I brought all of this to my experience at SEEK 21, which brought together more than 27,000 young adults from around the country Feb. 4-7. Some gathered in in-person small groups, while others like myself participated virtually.

Love, I heard the conference’s speakers say throughout, is what causes the most unbelievable and beautiful changes and can drive the most powerful actions. I heard in this beautiful message an answer to what I was going through. 

I was blessed enough to watch SEEK21 with two seniors at Gonzaga University, where I am studying. I could not have been happier to experience this with them. Their hearts are genuine and loving, and God spoke to me about his love through them. After the sessions, we stayed and talked about what we heard and experienced. 

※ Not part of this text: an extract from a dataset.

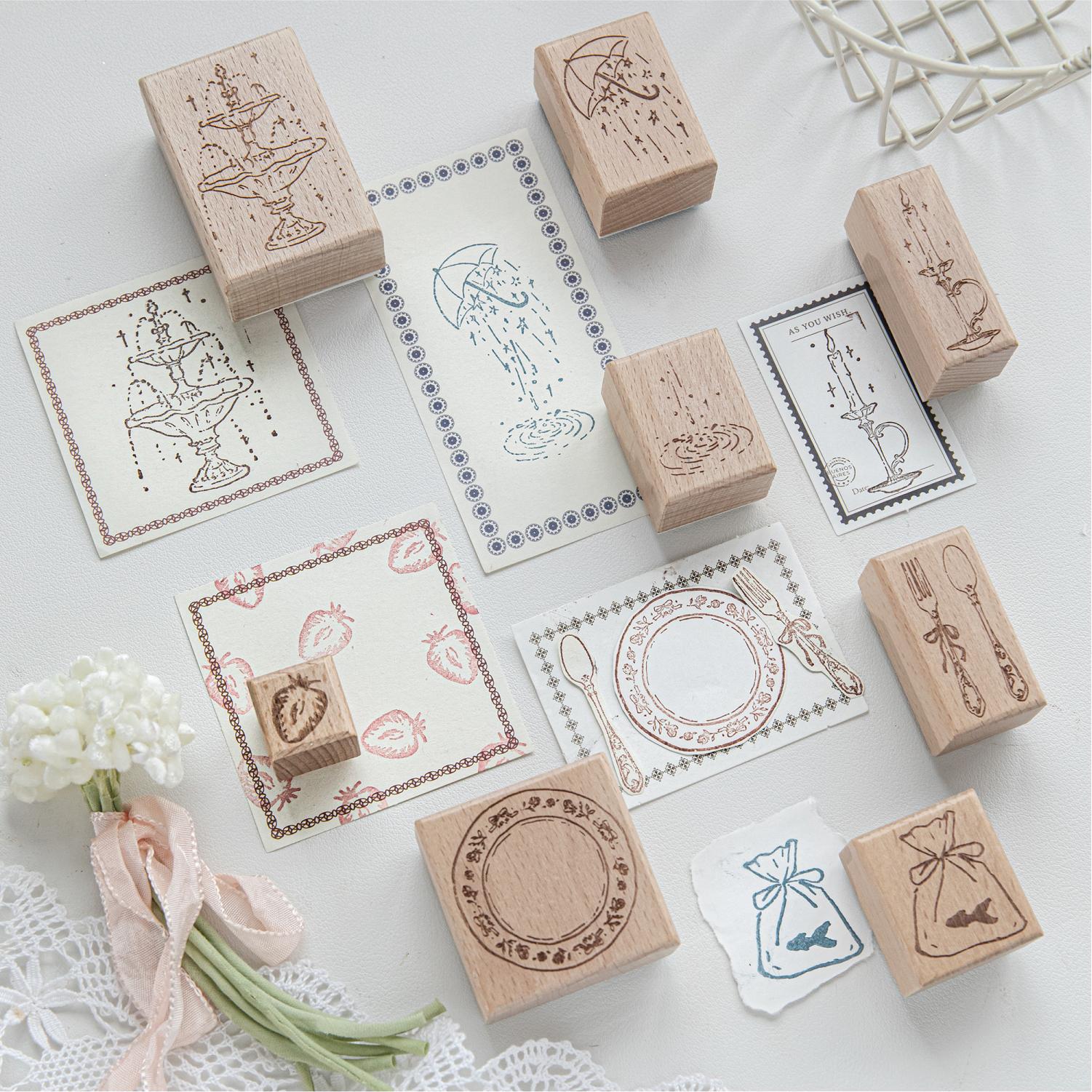 Xmas Candle Making - Timbro in legno con design a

As we started to watch the event, I was scared that I would face the same struggles around self-worth, but instead I found myself among peers who truly listened to everything I had to say. They gave me their undivided attention and let me speak freely. They gave me a precious gift, though they probably do not realize how much that meant to me. I am thankful to Christ that he let me experience this event with them, because God showed himself perfectly that night through friendship.

A small parish group gathering for SEEK21. (Courtesy FOCUS)

There were a few moments during SEEK21 that helped drive these epiphanies home. In the Worldwide Vigil, I heard God say to me, “Why are you looking for me? I am right here around you.” Seeing my friends praying with me brought me overwhelming joy. I knew that was exactly how God was with me. 

Father Mike Schmitz spoke about the obstacles we create when we examine God’s love. He said that we overestimate what it takes to come back home because we think God is making certain demands. However, we are the only ones making these demands. God is not asking for grand gestures — he only wants me.

I was especially struck by another speaker at SEEK21, Immaculée Ilibagiza, and her story of surviving the Rwandan genocide. Her story was incredible for various reasons, but a prominent message that spoke to my heart was the importance of the rosary in helping us to love.   

Immaculee Ilibagiza speaks Feb. 5 from Rwanda to over 26,000 participants globally gathered for the SEEK21 conference. (CNS screenshot/courtesy The Florida Catholic)

When Ilibagiza spoke about her experience with the rosary, I could not help smiling. She recounted hiding in a tiny bathroom for months and explained how the rosary was the only thing that would bring her peace. I find it remarkable that God spoke compassion to her in the bathroom through the rosary. 

God showed her pure love amid the overwhelming hate. She asked herself the question if she would rather be on the side of love or the side of hate. Even in the face of great evil and personal loss, she concluded that the side of love is more liberating. 

I once heard that our faith is faith in a perfect Love. SEEK21 ignited a desire in me to find a home in that Love. 

As Father Mike Schmitz said, “Home is where you let yourself be seen. Home is where you let yourself be loved.” 

After attending SEEK21, I want to let myself be seen for who I truly am and to experience God for who he truly is.